*** Block opens ***
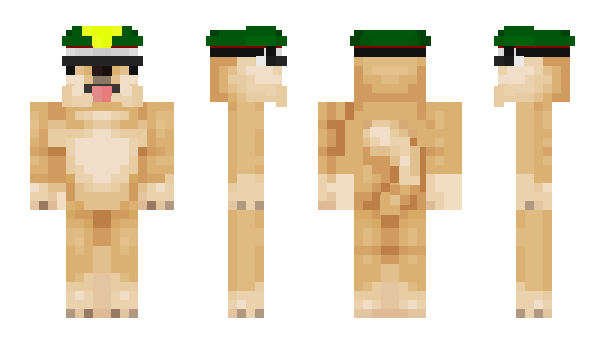 Minecraft skin Robtar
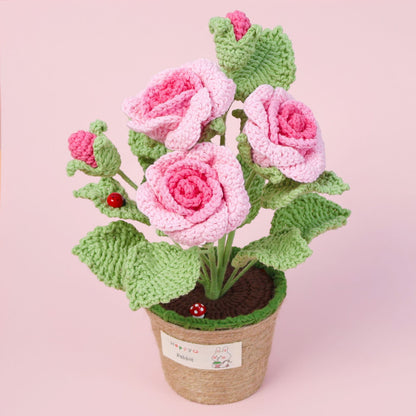 Crocheted potted plant 002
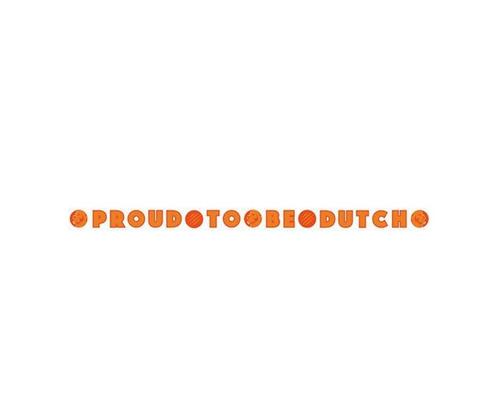 Nederland Letterslinger Wk En Ek Dutch, Hobby en Vrije tijd, Feestartikelen, Nieuw, Verzenden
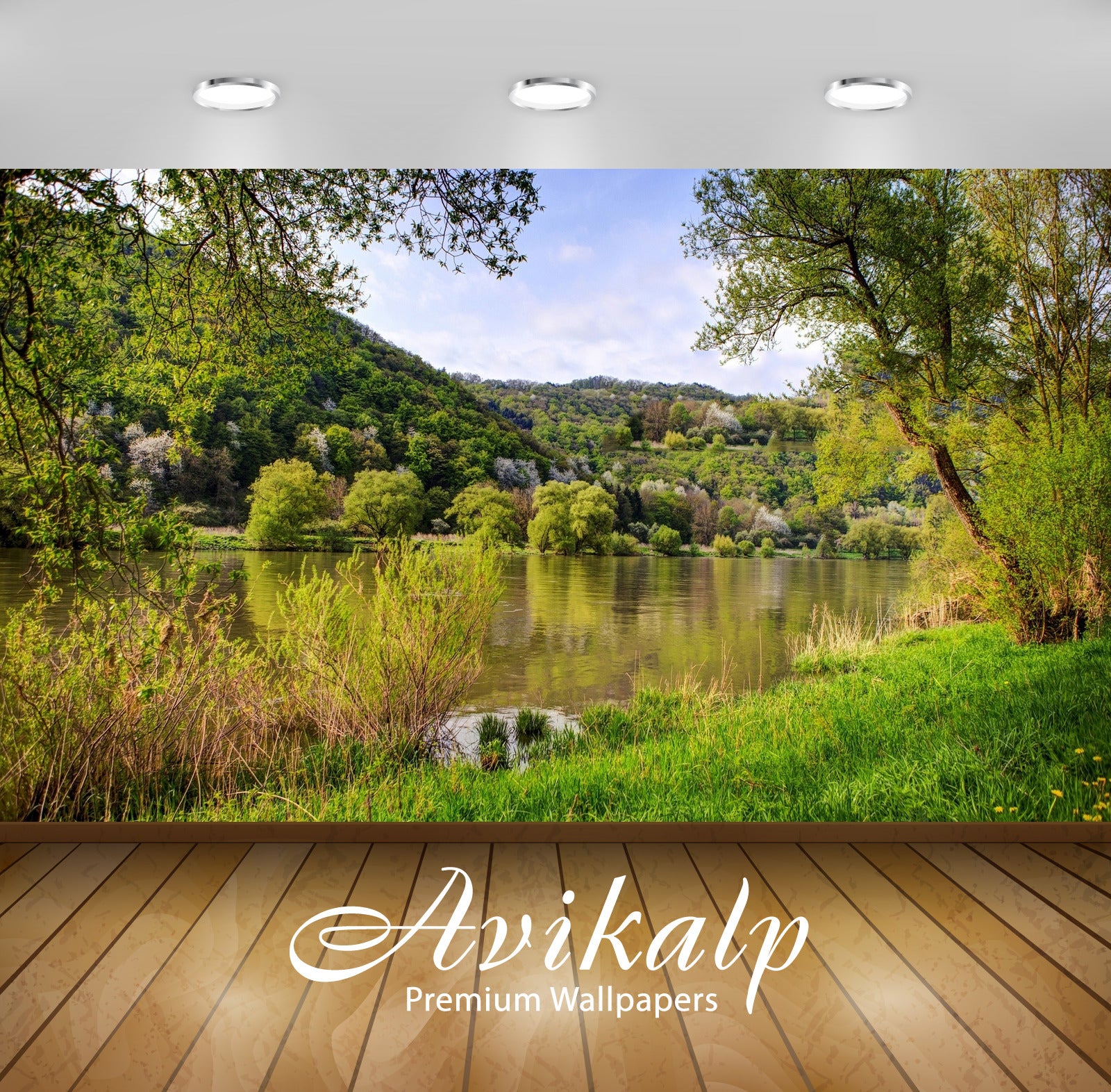 Avikalp Exclusive Awi6176 Shades Of Green In The Forest By The River Nature Full HD Wallpapers for L Avikalp Exclusive Awi6176 Shades Of Green In The Forest By The River Nature Full HD Wallpapers for L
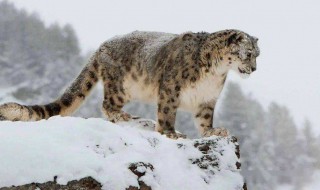 雪豹为什么生活在几千米高的山上（雪豹生活在雪山上吗）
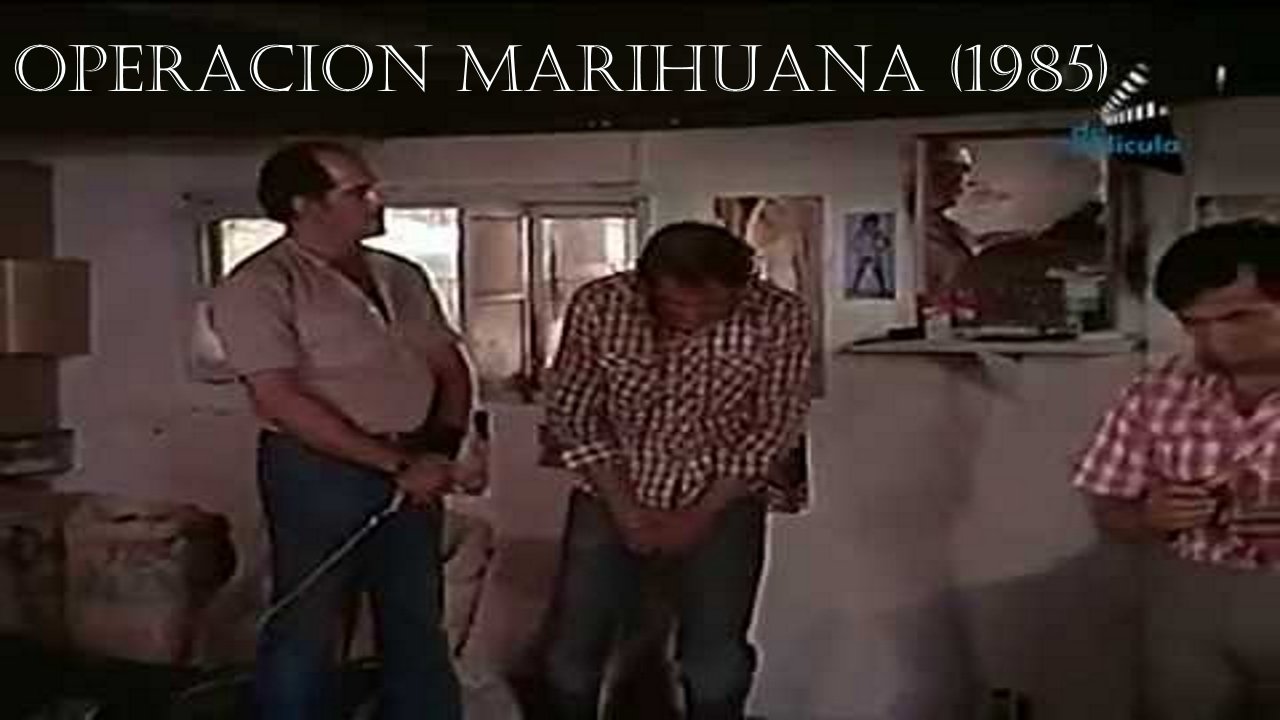 Operacion marihuana Background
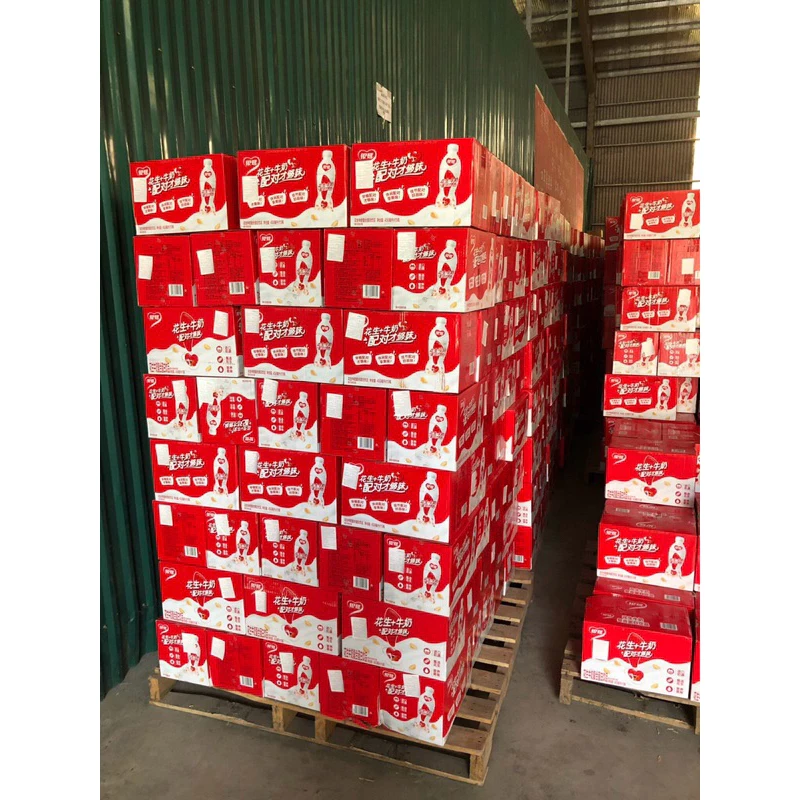 Sữa lạc Trung Quốc YINLU 450ml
*** Block closes ***
## ACTIVITY
Return the material word for word, images omitted.

## RESPONSE TO THIS EXERCISE
 Minecraft skin Robtar
 Crocheted potted plant 002
 Nederland Letterslinger Wk En Ek Dutch, Hobby en Vrije tijd, Feestartikelen, Nieuw, Verzenden
 Avikalp Exclusive Awi6176 Shades Of Green In The Forest By The River Nature Full HD Wallpapers for L Avikalp Exclusive Awi6176 Shades Of Green In The Forest By The River Nature Full HD Wallpapers for L
 雪豹为什么生活在几千米高的山上（雪豹生活在雪山上吗）
 Operacion marihuana Background
 Sữa lạc Trung Quốc YINLU 450ml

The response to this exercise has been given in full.